So viele tot, so wenige zuständig

Als die Flut kam, trafen sich Männer und Frauen im Kreishaus in Bad Neuenahr-Ahrweiler – die Technische Einsatzleitung, TEL. Aber dieser Krisenstab in seinem Keller bekam von der Eskalation draußen wenig mit. Immer wieder brach der Handyempfang ab, der Kontakt zu den Feuerwehren im Einsatz auch. Die Wucht der Zerstörung, sagten TEL-Mitglieder später, sei ihnen erst klar geworden, als sie am Morgen den Keller verließen.

Die Flut am 14. Juli 2021 riss mit, was ihr im Wege stand: Häuser, halbe Orte, Menschen – 134 starben allein im Ahrtal. Nun sucht ein Untersuchungsausschuss nach der rechtlichen und politischen Verantwortung.
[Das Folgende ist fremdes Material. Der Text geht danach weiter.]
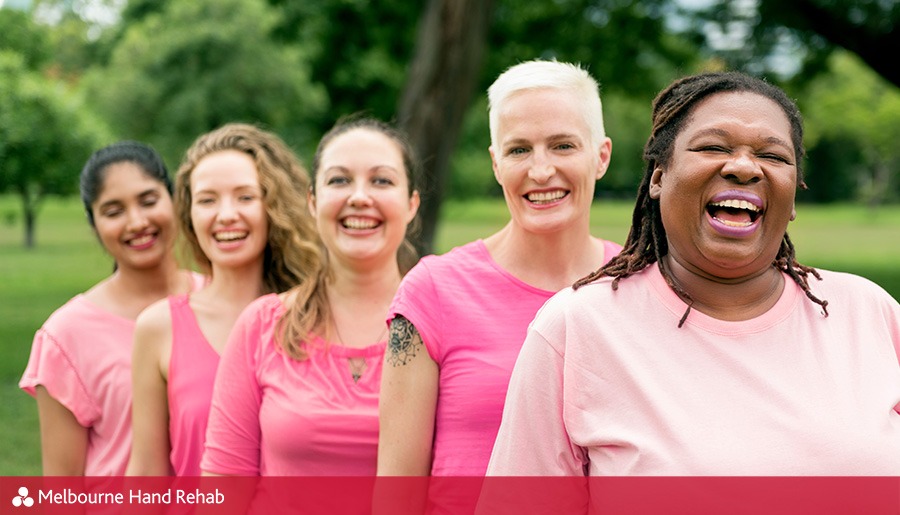 Diverse group of women wearing pink shirts in recognition of October being Breast Cancer Awareness Month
Und die Staatsanwaltschaft Koblenz ermittelt gegen zwei Männer aus dem Ahrtal: den Landrat und seinen Einsatzleiter in jener Nacht, einen Feuerwehrmann.
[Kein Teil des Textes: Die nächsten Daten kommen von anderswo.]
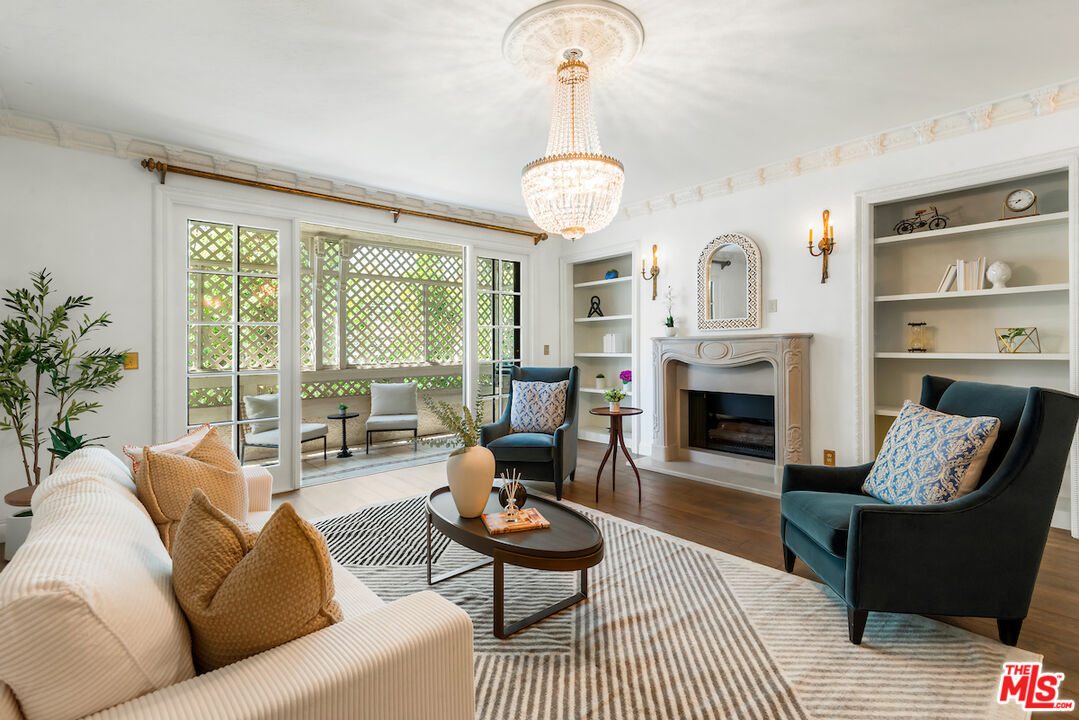 a living room with furniture a large window and a fireplace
Eine Recherche von WELT AM SONNTAG zeigt jedoch, dass die Lage komplexer war – und ein Teil der Verantwortung wohl bei der Landesregierung zu suchen ist.

Auf den ersten Blick scheint die Lage klar: Für Katastrophenschutz sind Kreise und kreisfreie Städte zuständig. So regelt es ein Gesetz in Rheinland-Pfalz. Und so argumentiert die Staatsanwaltschaft. Darum ermittelt sie wegen des Anfangsverdachts der fahrlässigen Tötung und fahrlässiger Körperverletzung durch Unterlassen bislang gegen den Landrat Jürgen Pföhler und seinen Einsatzleiter.

Der Vorwurf: Beide hätten zu spät gehandelt. Schon kurz nach 17 Uhr, spätestens aber nach einer klaren Hochwasserprognose um halb neun, hätte man warnen und evakuieren müssen. Evakuierungen sollen aber erst kurz nach 23 Uhr angeordnet worden sein.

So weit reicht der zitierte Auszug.